Man kann unterschiedlicher Meinung sein, wieviel Geld Du als Notgroschen auf der hohen Kante haben solltest, bevor Du am Finanzmarkt aktiv wirst. Ich rate zu mindestens zwei Monatseinkommen.
Ein absolutes NoGo ist für mich der Wertpapierkauf auf Kredit. Denn dann bestimmt u.U. sogar Deine Bank, wann Du eine bestimmte Aktie verkaufen musst. Der Grund: in der Regel werden bei solchen Krediten die Wertpapiere als Sicherheiten akzeptiert. Wenn diese aber in einem Crash auch nur vorübergehend ihren Wert verlieren, dann kann Dich die Bank mit einem sogenannten "Margin Call“ zum Verkauf gerade zum ungünstigsten Zeitpunkt zwingen.
Mein Rat: Der Aktienkauf auf Kredit sollte für Dich absolut Tabu sein! Auch wenn es verlockend klingt, billiges Geld zu niedrigen Zinsen zu leihen, mit dem man in den vergangenen Jahren tolle Aktienrenditen erzielen konnte.

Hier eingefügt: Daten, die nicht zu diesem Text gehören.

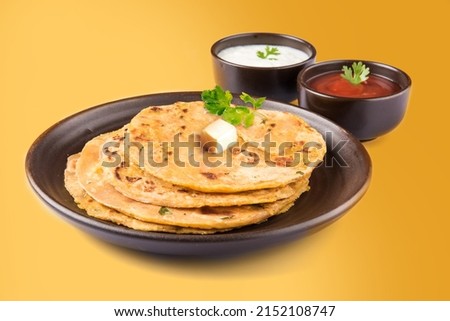 Potato Stuffed Flat Bread or Aloo paratha is a Traditional Indian food. served with curd, butter or ghee. selective focus. isolated on yellow background. Royalty-Free Stock Photo #2152108747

Dummheit Nr. 5: Alle Eier in einen Korb legen
Ich habe in den vergangenen Tagen mit Schrecken davon gehört, dass einige Privatanleger große Teile ihres Vermögens in die Wirecard-Aktie investiert hatten und jetzt vor dem Super-GAU stehen.
Das sind sicherlich seltene Einzelschicksale. Was es jedoch viel öfters gibt ist, dass langjährige Angestellte in einem Konzern jährlich ihre Mitarbeiteraktien zeichnen, diese auf einem Depot manchmal über Jahrzehnte hinweg ansammeln und ansonsten mit Aktien und Börse nichts zu tun haben wollen.
Diese Leute haben meist keine Ahnung, welch hohes Klumpenrisiko sie da eingehen. Erstens ist ihr Depot schlechtestmöglich diversifiziert und zweitens korreliert das Risiko ihres Portfolios auch noch maximal mit der Sicherheit des eigenen Arbeitsplatzes. D.h. Wenn der Arbeitgeber in Schieflage gerät (ja das kann auch bei deutschen DAX-Konzernen mal vorkommen), dann ist im schlimmsten Fall nicht nur der Arbeitsplatz futsch, sondern das eigene Aktienportfolio könnte gleichzeitig implodieren.
Mein Rat: Wenn Du in Einzelaktien investiert bist, dann solltest Du auch bei kleinen Depots immer mindestens 10 unterschiedliche Aktien im Portfolio haben. Dann kann auch ein Super-GAU wie bei Wirecard nicht mehr allzu viel Schaden anrichten.
Dummheit Nr. 6: Eine Aktie kaufen, weil der Kurs optisch niedrig ist
Eine Aktie stellt bekanntlich einen Anteil am Eigenkapital eines Unternehmens dar. Die relative Größe dieses Anteils am Gesamtunternehmen ist klar definiert durch die Anzahl der ausgegebenen Aktien. Wenn ein Unternehmen z.B. insgesamt 1 Mio. Aktien ausgegeben hat und an der Börse 100 Mio. Euro wert ist (Marktkapitalisierung), dann beträgt der Kurs der einzelnen Aktie 100 Euro. Wenn ein Aktionär in diesem Beispiel 1.000 Aktien besitzt, dann gehören ihm 0,1% des gesamten Unternehmens.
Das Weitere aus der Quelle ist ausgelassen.